Auch Ahmedinedschad scheint aus seinen Fehlern nicht gelernt zu haben. Der Umgang des Westens mit der Holocaust-Leugnung sollte ihm mittlerweile bekannt sein und bei so einem wichtigen Interview ist die Gefahr groß, dass es auf die Holocaust-Leugnung reduziert wird.

Im Anschluss fragt Kleber, ob das (Lüge mit dem Titel Holocaust) der Grund sei, warum er behauptet habe, dass Israel von der Landkarte getilgt werden sollte. Auf die Antwort und Frage gehen wir nicht so genau ein, denn mittlerweile sollte jedem bewusst sein, dass dieses Zitat mit der Tilgung Israels von der Landkarte ein falsch übersetztes Zitat ist. Mit der Originalaussage hat der iranische Präsident das israelische Regime gemeint, dass von der Landkarte getilgt werden sollte. Er wurde in der Vergangenheit oft mit ”Israel must be wiped off the map.” zitiert, doch hat er nie ”map” und “wipe off” benutzt. Seine Originalaussage war ”in rezhim-e eshghalgar bayad az safhe-ye ruzgar mahv shavad”, was übersetzt bedeutet ”Das Besatzerregime muss Geschichte werden.”
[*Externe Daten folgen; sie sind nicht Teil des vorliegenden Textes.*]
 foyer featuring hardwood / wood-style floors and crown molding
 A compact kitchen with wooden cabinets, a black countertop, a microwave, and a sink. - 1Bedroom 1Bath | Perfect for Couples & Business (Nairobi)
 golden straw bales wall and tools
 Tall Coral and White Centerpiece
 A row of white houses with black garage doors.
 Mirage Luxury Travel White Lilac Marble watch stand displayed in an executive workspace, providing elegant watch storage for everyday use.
Selbstverständlich stellt er sich auf die palästinensiche Seite und die Siedlungspolitik der israelischen Regierung ist auch kein Geheimnis mehr. Rund 250 Siedlungen werden außerhalb des israelischen Staatsgebietes auf palästinensischem Gebiet gebaut und durch Mauern vor den Palästinensern geschützt. Eine Parallele zu der Berliner Mauer ist unweigerlich zu erkennen - soll sie doch auch die Guten vor dem Bösen schützen. Leider ist die böse Seite nicht immer klar erkennbar.

Gemäß Artikel 49 der IV. Genfer Konvention von 1949 darf die Besatzungsmacht „nicht Teile ihrer eigenen Zivilbevölkerung in das von ihr besetzte Gebiet verschleppen oder verschicken.“ Nach Artikel 53 dieses Abkommens ist es der Besatzungsmacht auch untersagt, „bewegliches oder unbewegliches Vermögen zu zerstören, das (...) Privatpersonen oder dem Staat (...) gehört.“ Somit sind die israelischen Siedlungen Völkerrechtswidrig und ein Dorn im Auge des gesamten nahen Ostens und natürlich auch des iranischen Präsidenten.
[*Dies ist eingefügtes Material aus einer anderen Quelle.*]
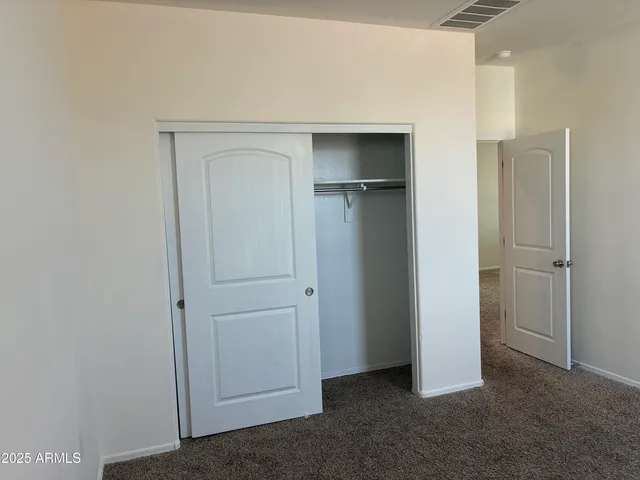 a view of empty room with closet and wooden floor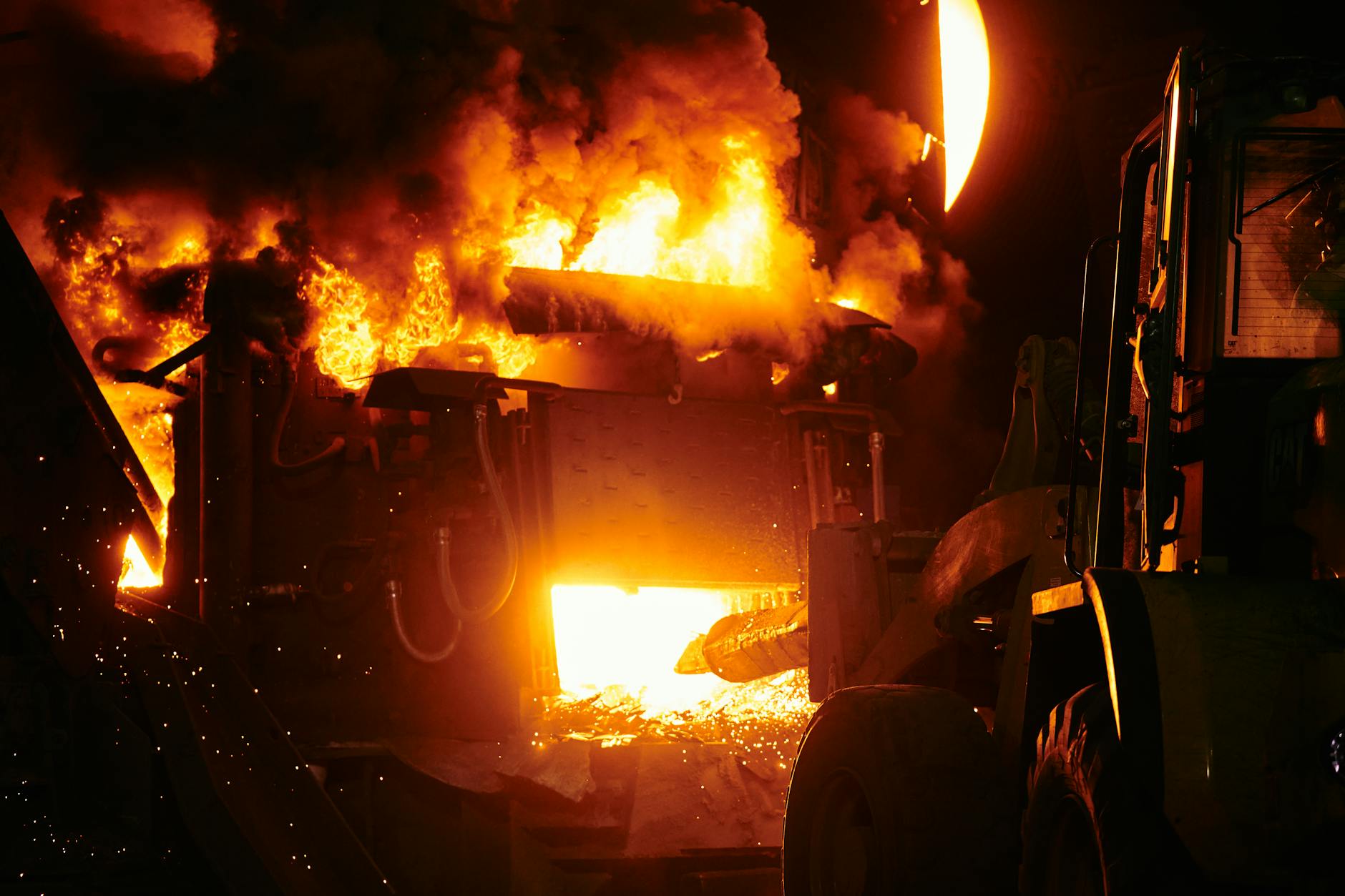 Dramatic image of an industrial furnace with bright flames and heavy machinery at night.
Im Großen und Ganzen sollte man sich beide Versionen des Interviews ansehen, denn eine detailierte Analyse würde den Rahmen sprengen und ein ganzes Buch füllen. Worauf aufmerksam gemacht werden sollte, ist der Unterschied zwischen der Originalversion und der zusammengeschnittenen Ausstrahlung im Heute Journal.

Natürlich ist Ahmadinedschad kein Engel auf dem internationalen diplomatischem Parkett und dürfte die ein oder andere Feindseligkeit gegenüber Israel übrig haben, doch leider trifft dies im Umkehrschluss auch auf die israelische Regierung zu. Die Konflikte werden mit den gegenwärtigen Regierungen beider Parteien und ihren Ideologien niemals gelöst werden, da die israelische Regierung mit ihren extrem nationalistischen Ideen keine Kompromisse mit den Nachbarn zulässt und das iranische Regime von Grund auf den israelischen Staat nicht anerkennt.

Zusatz aufgrund von Kommentaren:

Diese Analyse soll die Unterschiede der beiden Versionen des Interviews aufzeigen, die am Anfang zu erkennen sind und soll die Leser dazu ermutigen, beide Versionen zu sehen. Selbstverständlich hat Ahmedinedschad in der Vergangenheit “dummes, unverschämtes und rassistisches über Israel geäußert“, doch sollte man trotzdem journalistische Genauigkeit bewahren. Dieser Artikel soll keine Verteidigung irgendeiner Seite oder politischen Einstellung darstellen. Man sollte immer und v.a. in kritischen Zeiten politische Gegner richtig zitieren können und eine objektive Berichterstattung gewährleisten.